Singapore

What we say

There has been a lot of talk about the Laju hijack, following the passing of former president S R Nathan, and the bravery of the 13 men who traded places with the hostages.

For more than 30 years, the specifics were never publicly shared.

And though some of the men are willing to talk now, they do so only to praise their team leader, Mr Nathan, who was then director of the Security and Intelligence Division.

While researching on Singapore's post-World War II days, I found pictures and stories that have not been told for more than 50 years.

These men were involved in many of the security operations. Some had joined the security agencies when Singapore and Malaysia were riddled with communist assassins.

Between 1950 and 1956, there were more than 20 incidents of communist gunmen shooting, stabbing and even lobbing grenades at police officers, Voluntary Special Constables and detectives - many of whom were hurt and killed.

These men donned their uniforms during those turbulent years.

Many of the 13 men on that Feb 9, 1974, Japan Airlines flight to Kuwait had seen frontline action prior.

Retired Lieutenant-Colonel Clarence Tan Kim Peng served with several units including the Malaysian Special Operations Force during Konfrontasi (1963-1966).

Superintendent S. Rajagopal of the counter terrorism unit, Internal Security Department (ISD), was trained to take the bullet while protecting Singapore's first Prime Minister Lee Kuan Yew from communist assassins (1959-1960).

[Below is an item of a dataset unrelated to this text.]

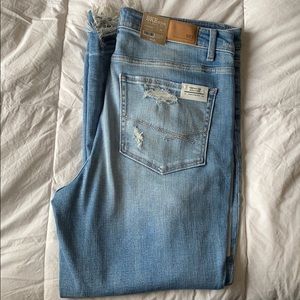 BKE High Rise Jeans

And the men continued to be involved in major operations, away from prying eyes and never for self-glorification.

ISD deputy director Seah Wai Toh was involved in negotiating the surrender of four armed Vietnamese who had hijacked an Air Vietnam flight in 1977.

Mr Saraj Din, also of ISD, was involved in the 1991 SQ117 operations in which four Pakistani hijackers seized a Singapore Airlines plane.

Ustaz Abu Bakar, who was a Syariah Court official in 1974, was involved in the rehabilitation of the Jemaah Islamiah terrorists here.

So much of the discourse of Singapore is wrapped around its position as an economic miracle.

But without men and women like the 13 in 1974, there would be no security. Without security, there would be no economic miracle.